In the Matter of C.U., A Child in Need of Services, C.U. and J.U. v. Indiana Department of Child Services
49A05-1307-JC-354
Juvenile. Affirms adjudication that child is a child in need of services. The evidence supports the designation under I.C. 31-34-1-1 that the parents abandoned the child. Rejects the parents’ claim that the boy should have been adjudicated under I.C. 31-34-1-6 because he substantially endangers his own health or the health of his family members.  

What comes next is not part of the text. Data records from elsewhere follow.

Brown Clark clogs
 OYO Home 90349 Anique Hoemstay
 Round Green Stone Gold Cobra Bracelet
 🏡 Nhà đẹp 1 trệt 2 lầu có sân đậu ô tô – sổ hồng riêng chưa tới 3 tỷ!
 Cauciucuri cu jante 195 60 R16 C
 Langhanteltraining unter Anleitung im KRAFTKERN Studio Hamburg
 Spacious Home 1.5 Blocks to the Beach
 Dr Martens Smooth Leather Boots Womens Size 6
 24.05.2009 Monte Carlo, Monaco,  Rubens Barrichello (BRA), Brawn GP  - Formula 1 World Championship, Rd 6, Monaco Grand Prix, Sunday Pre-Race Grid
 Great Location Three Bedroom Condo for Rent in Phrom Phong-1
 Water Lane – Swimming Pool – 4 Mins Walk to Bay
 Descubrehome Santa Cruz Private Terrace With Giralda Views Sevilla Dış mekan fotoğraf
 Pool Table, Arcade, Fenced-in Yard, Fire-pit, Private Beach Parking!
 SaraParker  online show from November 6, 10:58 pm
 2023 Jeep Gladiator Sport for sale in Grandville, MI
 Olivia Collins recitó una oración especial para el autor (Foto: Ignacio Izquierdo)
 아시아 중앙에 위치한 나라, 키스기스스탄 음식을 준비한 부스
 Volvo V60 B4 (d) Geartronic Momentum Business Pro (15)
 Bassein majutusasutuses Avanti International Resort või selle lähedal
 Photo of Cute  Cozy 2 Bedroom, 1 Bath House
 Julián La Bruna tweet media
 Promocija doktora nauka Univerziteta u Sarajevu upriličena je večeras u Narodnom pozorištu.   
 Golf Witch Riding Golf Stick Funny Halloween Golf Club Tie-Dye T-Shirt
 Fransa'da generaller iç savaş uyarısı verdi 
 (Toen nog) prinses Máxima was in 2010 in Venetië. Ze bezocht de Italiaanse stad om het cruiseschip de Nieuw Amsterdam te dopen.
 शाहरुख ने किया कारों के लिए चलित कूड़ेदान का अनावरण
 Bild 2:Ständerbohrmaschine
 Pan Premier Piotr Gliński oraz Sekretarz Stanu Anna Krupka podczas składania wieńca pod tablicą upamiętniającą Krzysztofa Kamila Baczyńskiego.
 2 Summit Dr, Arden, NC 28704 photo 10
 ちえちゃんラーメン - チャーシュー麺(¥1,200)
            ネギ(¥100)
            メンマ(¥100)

Jason A. Fishburn v. Indiana Public Retirement System
49A02-1305-MI-391
Miscellaneous. Affirms summary judgment for INPRS and the revised determination that Fishburn’s total monthly disability benefit payment from the 1977 fund is 79.85 percent of monthly salary of a first-class patrol officer. Although the statute is ambiguous, the court finds INPRS’ interpretation to be reasonable. Also, based upon the General Assembly’s inaction in the face of the INPRS’ interpretation of Ind. Code 36-8-8-13.5(f), the General Assembly is deemed to have acquiesced in INPRS’s interpretation of the disability benefit statutes.

In the Matter of Des.B. and Dem.B., Minor Children in Need of Services, E.B. v. Indiana Department of Child Services

49A02-1306-JC-487
Juvenile. Affirms determination the children are children in need of services. The evidence supports the trial court’s findings that, as of the fact-finding hearing, the mother continued to have extensive problems with drugs and violent relationships with the children’s fathers. The evidence also supports the trial court’s findings that these problems are harmful to the children. The trial court’s findings support its judgment that “there is a substantial risk of endangering the children” and that the children are in need of care, treatment, or rehabilitation that they are not receiving and that is unlikely to be provided or accepted without the coercive intervention of the court.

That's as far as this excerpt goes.